Kisah ponsel Nokia mencontohkan sifat umum yang dilihat di perusahaan yang sudah sukses.
Kesuksesan melahirkan konservatisme dan keangkuhan yang, seiring waktu, menghasilkan penurunan proses strategi yang mengarah pada keputusan strategis yang buruk.
Dulu perusahaan sangat menerima ide dan eksperimen baru untuk memacu pertumbuhan. Namun, sukses membuat mereka menjadi penghindar risiko dan kurang inovatif.

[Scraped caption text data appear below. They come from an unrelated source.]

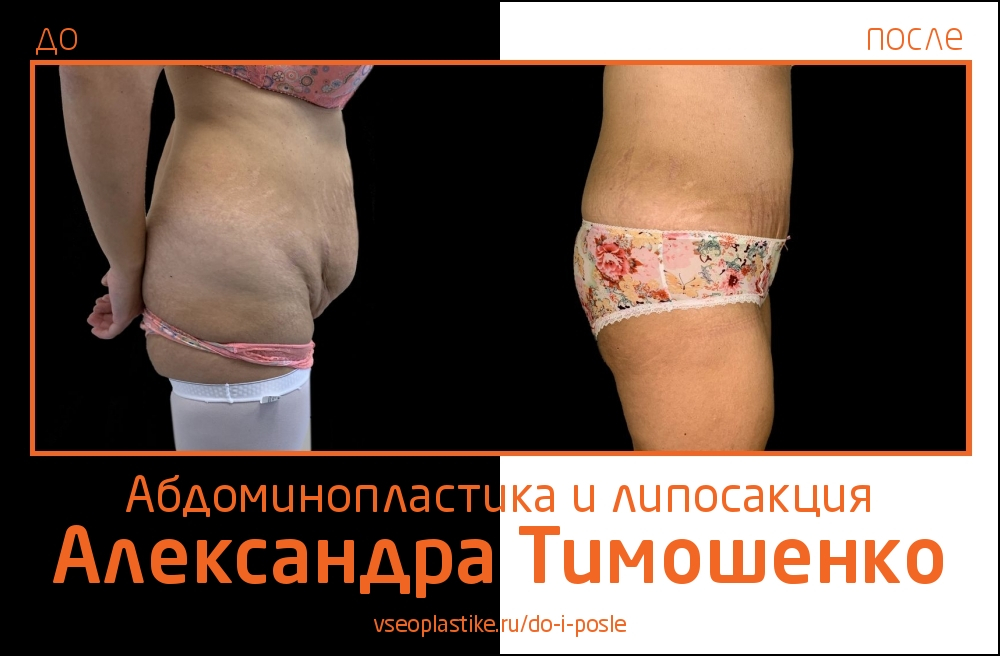 Доктор Александр Тимошенко. Фото до и после абдоминопластики и липосакции
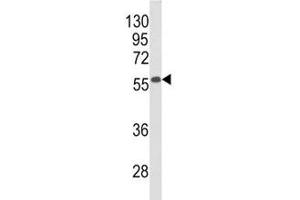 Western Blotting (WB) image for anti-Beclin 1, Autophagy Related (BECN1) (AA 95-132) antibody (ABIN3028503)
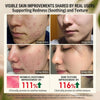 Centella Asiatica Serum - Redness Calming, 38% Cica Leaf Water, 1 fl oz - Personal Care - Image 3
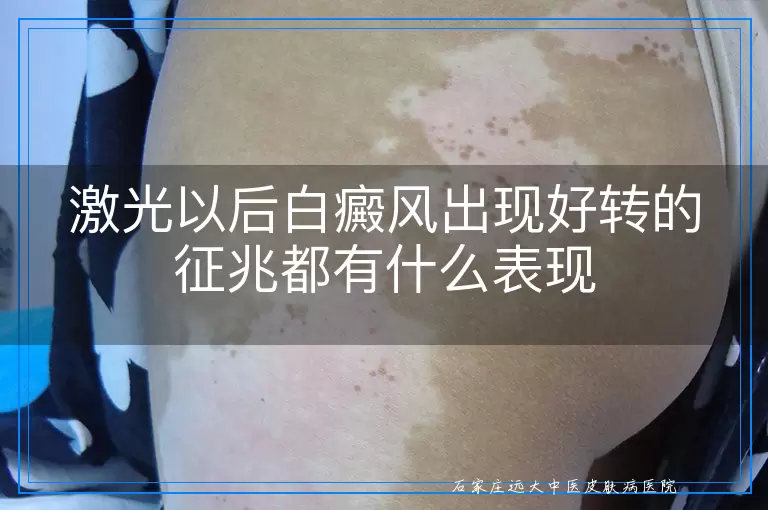 激光以后白癜风出现好转的征兆都有什么表现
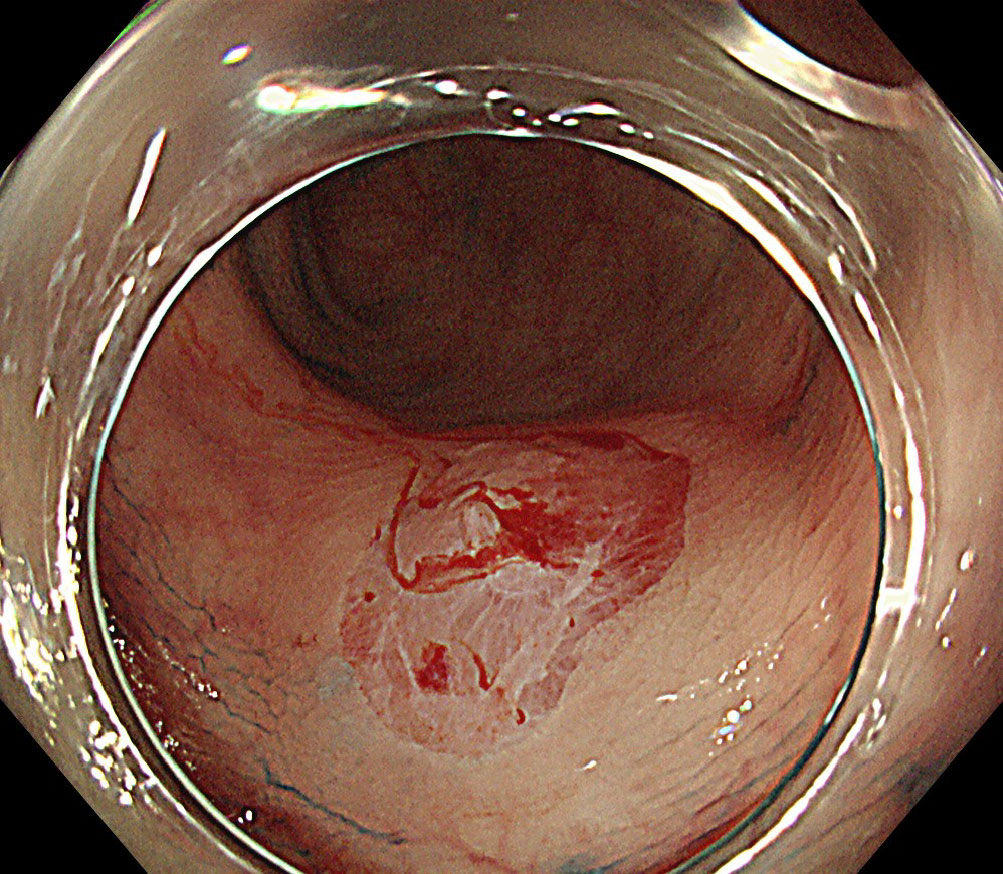 大腸cold polypectomy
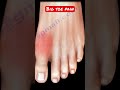 Big Toe Pain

Pertimbangan seperti itu akan sangat penting bagi perusahaan yang ingin tumbuh dan menghindari salah satu ancaman pengganggu terbesar bagi masa depan mereka – kesuksesan mereka sendiri.
Kabar Terbaru Nokia
Sejatinya, Nokia memang sudah lama tak menggenjot bisnis smartphone dan lebih fokus ke bisnis jaringan.
Dikutip dari Reuters, Nokia juga tengah mengeksplor beragam opsi untuk bisnis jaringannya.
Misalnya, melakukan divestasi atau menjual semua bisnis jaringan mobile yang bisa bernilai US$ 10 miliar.
Informasi ini mencuat setelah Nokia melaporkan profit operasional kuartal kedua (Q2) 2024 yang merosot 32% disebabkan lemahnya permintaan peralatan konektivitas 5G.
Pilihan lainnya adalah menggabungkan bisnis dengan pesaing. Salah satu yang tertarik dengan Nokia adalah Samsung.
Raksasa asal Korea Selatan tersebut menyatakan minat awal untuk mengakuisisi beberapa aset Nokia.
Laporan menyebutkan bahwa Samsung ingin mendapatkan skala dalam jaringan akses yang menghubungkan ponsel dengan infrastruktur telekomunikasi.
Pembicaraan antara kedua perusahaan masih dalam tahap awal, namun tidak ada jaminan kesepakatan bisnis akan terjadi antara Nokia dengan Samsung.
Reuters menuliskan bahwa Nokia tidak mengomentari rumor atau spekulasi pasar, namun perusahaan mengatakan komitmennya pada bisnis jaringan seluler.
“Jaringan seluler adalah aset yang sangat strategis bagi Nokia dan pelanggannya,” ucap Nokia.
Sebelumnya, perusahaan asal Finlandia tersebut dilaporkan bekerja sama dengan Axiom Space untuk menyematkan kemampuan 4G LTE pada pakaian antariksa generasi berikutnya. Pakaian tersebut rencananya bakal digunakan pada misi Artemis III NASA.